[BIP Draft] Witness Version 3: ML-DSA-65 Post-Quantum Key-Path Spending

The recent proposal to introduce a new output type focusing solely on ML-DSA key commitment raises several important questions and concerns. Firstly, the decision to adopt an output type similar to P2WPKH, which lacks support for script trees or other complex spending conditions, seems to limit the cryptographic flexibility significantly. This approach restricts the ability to spend coins exclusively to ML-DSA, potentially compromising security. Particularly, if vulnerabilities in ML-DSA were exploited, coins could become highly susceptible to attacks, necessitating a rescue protocol via a soft fork, akin to the one needed for ECC locked coins post-Q Day.

Regarding the choice of using ML-DSA-65 over ML-DSA-44, despite the latter offering comparable classical security levels to secp256k1 and being more compact, the rationale provided appears insufficient. The selection of a 192-bit security level (ML-DSA-65) over a 128-bit level seems to be justified only by its intermediate position, without a clear explanation of why this added security is necessary considering the increase in resource consumption.

Additionally, the deployment of ML-DSA without any witness discounts would likely result in a significant reduction in transactions per second (TPS). This poses serious scalability issues for the network, suggesting that the current proposal may not adequately address the demands of higher transaction throughput.

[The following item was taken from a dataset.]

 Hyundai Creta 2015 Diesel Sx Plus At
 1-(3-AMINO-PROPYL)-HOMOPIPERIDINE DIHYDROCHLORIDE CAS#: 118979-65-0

Finally, comparing ML-DSA with alternative cryptographic schemes such as SLH-DSA or stateful hash-based signatures like XMSS highlights potential alternatives that could offer similar or enhanced security benefits with smaller and faster signatures, without introducing new cryptographic assumptions. The justification for favoring ML-DSA in light of these alternatives remains unclear, especially when considering their potential to provide more efficient and secure solutions.